Selected to represent New Zealand at the 2013 Venice Biennale, Bill Culbert devised an exhibition entitled Front door out back. One of nine site-specific installations for the show, Daylight flotsam Venice was positioned in a central room at the Istituto Santa Maria della Pietà. The work played with the architecture of the space, flowing under the arches of the room and lapping at its edges, in direct relationship with the canal that could be glimpsed outside. Displayed back on New Zealand soil at Te Papa, the work changed with its new environment: the architecture of the gallery space softening in the fluorescent river of light and the water of Wellington Harbour seeming to flow in from beyond the walls.
Culbert has been working with light since the late 1960s. He describes self-lighting things as having their own independence.1 By using light to animate and transform everyday domestic objects like plastic bottles, tables and chairs, he challenges the viewer to re-evaluate their perceptions of the purpose of these objects and the potential they hold.

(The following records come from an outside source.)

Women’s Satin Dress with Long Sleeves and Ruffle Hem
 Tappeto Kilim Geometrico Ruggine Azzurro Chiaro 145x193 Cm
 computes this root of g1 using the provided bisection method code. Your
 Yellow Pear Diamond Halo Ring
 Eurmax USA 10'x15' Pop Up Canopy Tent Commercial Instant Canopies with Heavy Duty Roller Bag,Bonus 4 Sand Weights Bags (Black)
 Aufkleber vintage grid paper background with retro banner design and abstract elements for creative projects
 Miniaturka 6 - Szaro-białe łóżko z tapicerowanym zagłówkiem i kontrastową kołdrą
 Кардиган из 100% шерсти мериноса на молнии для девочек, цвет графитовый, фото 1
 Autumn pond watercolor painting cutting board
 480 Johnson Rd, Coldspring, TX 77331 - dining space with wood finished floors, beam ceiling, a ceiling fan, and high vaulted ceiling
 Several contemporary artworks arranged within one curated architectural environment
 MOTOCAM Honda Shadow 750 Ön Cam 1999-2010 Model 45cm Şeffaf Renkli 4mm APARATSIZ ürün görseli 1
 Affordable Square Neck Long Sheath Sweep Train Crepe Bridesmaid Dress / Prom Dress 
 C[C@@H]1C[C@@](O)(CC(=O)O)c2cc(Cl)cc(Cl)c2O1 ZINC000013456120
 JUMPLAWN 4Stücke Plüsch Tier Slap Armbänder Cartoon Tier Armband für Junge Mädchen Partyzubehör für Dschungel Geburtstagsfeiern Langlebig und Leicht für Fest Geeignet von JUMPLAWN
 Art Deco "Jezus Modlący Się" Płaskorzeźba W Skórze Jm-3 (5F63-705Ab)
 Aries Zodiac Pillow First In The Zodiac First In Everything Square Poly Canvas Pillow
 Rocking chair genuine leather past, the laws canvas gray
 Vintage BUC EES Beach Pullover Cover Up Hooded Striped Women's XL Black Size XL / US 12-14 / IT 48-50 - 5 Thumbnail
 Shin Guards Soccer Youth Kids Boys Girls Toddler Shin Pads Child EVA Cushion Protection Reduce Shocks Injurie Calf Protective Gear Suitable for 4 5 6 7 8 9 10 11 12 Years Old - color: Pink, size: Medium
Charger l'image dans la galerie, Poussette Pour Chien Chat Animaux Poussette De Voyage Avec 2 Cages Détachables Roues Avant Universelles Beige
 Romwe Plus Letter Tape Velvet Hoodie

Daylight flotsam Venice is made of one hundred and fifty fluorescent tubes and two hundred and fifty-seven repurposed plastic bottles. Transformed, these functional objects spill together — the white tubes roll in waves as the coloured bottles diffuse and deflect the light. This flow creates a gentle tension, like bobbing in a sun-sparkled sea with a dark expanse lurking beneath; the light and bottles become flotsam and jetsam washing across the floor. And here the work might bring to mind the vast floating islands of plastic detritus that are choking our oceans, or rising sea levels and global warming. But the work’s aesthetic beauty transcends these readings. Another look and the tubes take on a starkly minimalist quality, the bottles an organic one: nature and artifice are in quiet contradiction, the work in a constant state of flux. Paradoxically, Culbert’s authority over the materials brings everything together as a perfect harmony.
Lizzie Baikie
1 Justin Paton, Bill Culbert: Front door out back: The New Zealand Pavilion, 55th International Art Exhibition, La Biennale di Venezia, Christchurch Art Gallery, Christchurch, 2013, p. 98.